[Python-Dev] [Python-checkins] r46300 - in python/trunk: Lib/socket.py Lib/test/test_socket.py Lib/test/test_struct.py Modules/_struct.c Modules/arraymodule.c Modules/socketmodule.c (original) (raw)

Martin Blais blais at furius.ca
Wed May 31 12:35:39 CEST 2006


On 5/29/06, Guido van Rossum <guido at python.org> wrote:

[python-checkins] > >> * Added socket.recvbuf() and socket.recvfrombuf() methods, that > >> use the buffer > >> protocol (send and sendto already did). > >> > >> * Added struct.packto(), that is the corresponding buffer > >> compatible method to > >> unpackfrom().

[Guido] > > Hm... The file object has a similar method readinto().
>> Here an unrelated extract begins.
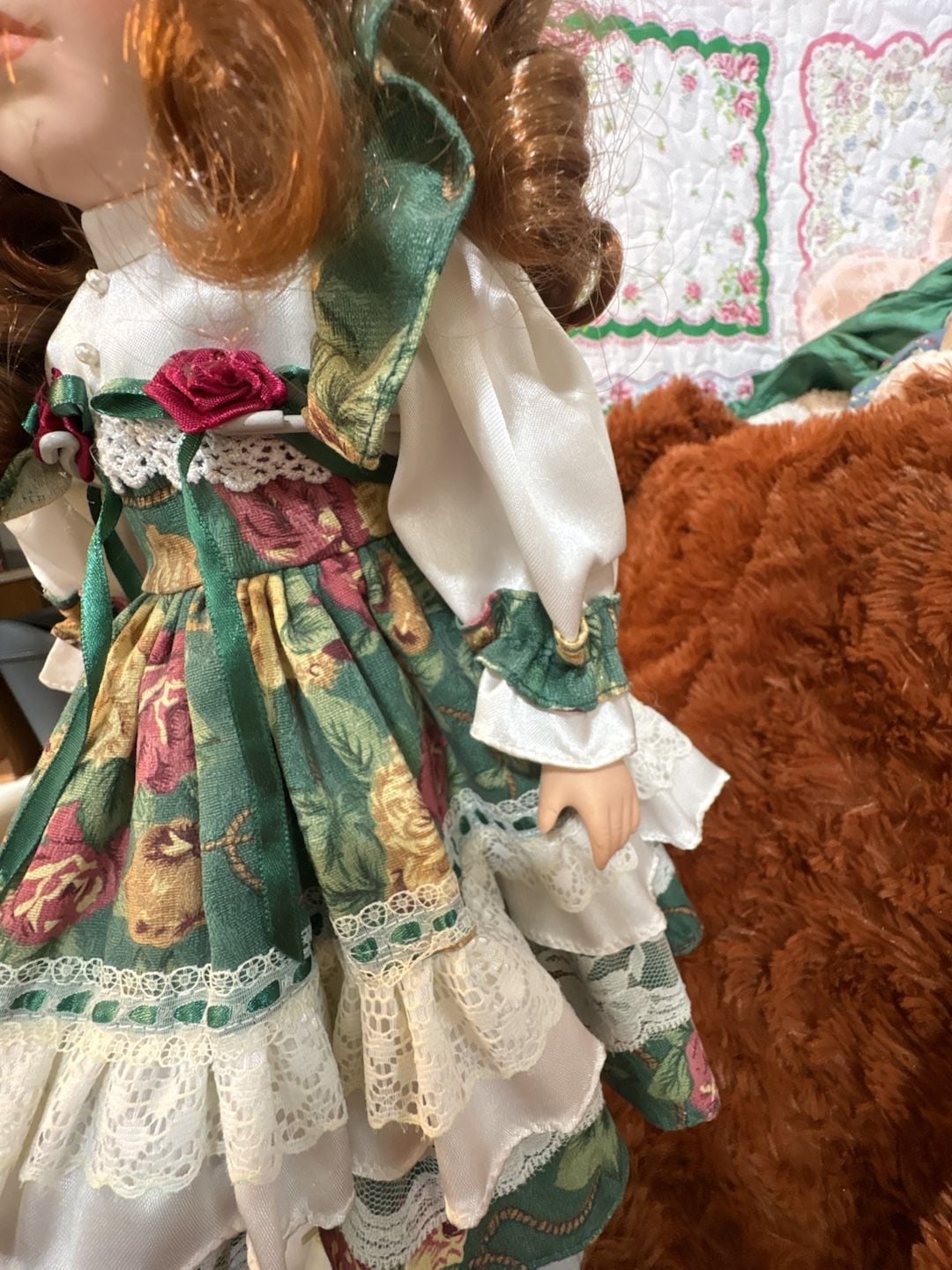 D8 Vintage Porcelain Collector Doll with Green Floral Dress and Matching Hat 6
Perhaps the > > methods introduced here could follow that lead instead of using two > > different new naming conventions? On 5/27/06, Bob Ippolito <bob at redivi.com> wrote: > (speaking specifically about struct and not socket) > > packto and unpackfrom are named as such because they work with objects > that support the buffer API (not file-like-objects). I couldn't find any > existing convention for objects that manipulate buffers in such a way. Actually, .readinto() is the convention I started long ago (at the time the buffer was introduced. > If there is an existing convention then I'd be happy to rename these. > > "readinto" seems to imply that some kind of position is being > incremented. No -- it's like read() but instead of returning a new object it reads "into" an object you pass. > Grammatically it only works if it's implemented on all buffer > objects, but > in this case it's implemented on the Struct type. It looks like .packto(, ) is similar to .readinto() in that the buffer object receives the result of packing / reading.

So I assume you're suggesting the following renames:

pack_to -> packinto recv_buf -> recvinto recvfrom_buf -> recvfrominto

(I don't like that last one very much. I'll go ahead and make those renames once I return.)